食生活の変化でこの頃から但馬牛の肉牛としての品種の良さは知られており、市場でも高価に取り引きされていた。
その但馬牛を伊勢地方の農家は、暖かな風土と愛情で育て、伊勢肉、松阪肉と呼ばれるようになり東京で評判を呼んでいた。
その牛追い道中を見ていた少年小林銀蔵が、のちの「牛銀」を開店する事になります。
小林少年は、大量消費されていく東京の町に、そんなにうまいものなら自分でさばいてみたいと、東京の「米久」に奉公に出ました。
つらく長い奉公・お礼奉公も終え、やっと松阪本町に牛肉店を開業する事となります。明治三十五年(1902)九月、96年前の事です。

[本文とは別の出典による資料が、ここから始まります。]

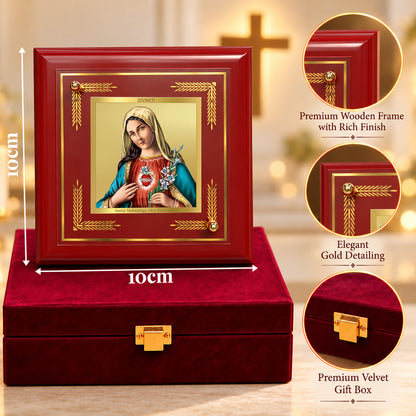 24K Gold-Plated Mother Mary MDF Frame | Premium Gift Box | 10x10 CM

当時の最新式の牛肉処理技術を身に付け、その味は評判になった。というのは、それまでの肉は明治四年仮名魯文(カナガキロブン)の書いた「牛店雑談安愚楽鍋(アグラナベ)」に出てくるような鍋で、肉の部位を考えず、ぶつ切り肉にネギだけを入れ味噌で味付けをしていたようです。

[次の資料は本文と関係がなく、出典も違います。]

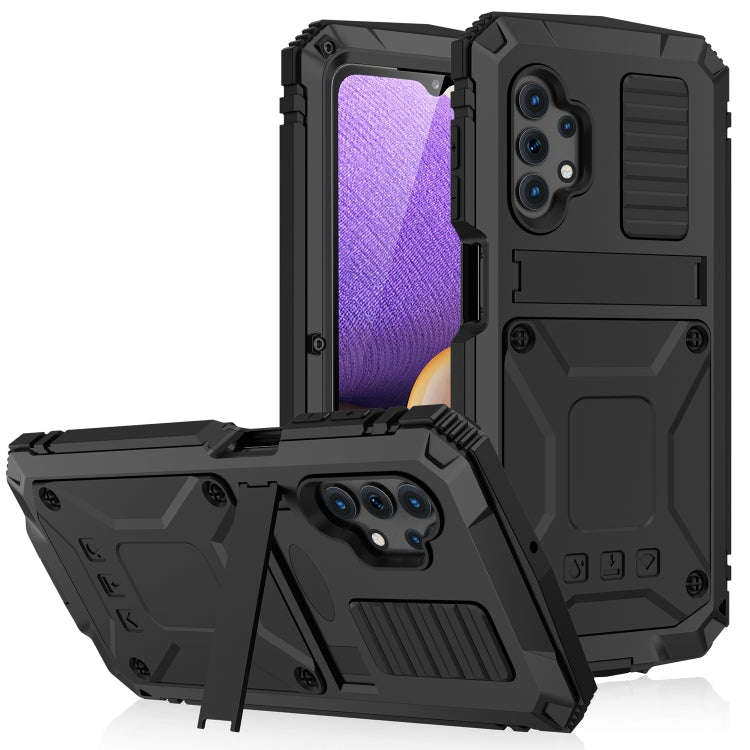 R-JUST Waterproof Shockproof Dustproof Metal + Silicone Protective Case with Holder, For Samsung ...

好調な成績で商売を続けておりましたが、大正末期に火災に見舞われたため、現在地松阪市魚町に現在の店舗を建築致しました。
その後昭和七年三月「合資会社牛銀本店」として会社設立。
当時松阪に七十社ほどの会社が設立されており、その一社として「松阪市史」の中に記載されております。
昭和二十四年一月三十一日「株式会社牛銀本店」として株式会社に生まれ変わり、経営改善を行うと共に「すきやき」「あみ焼き」の専門店として、今日に至っております。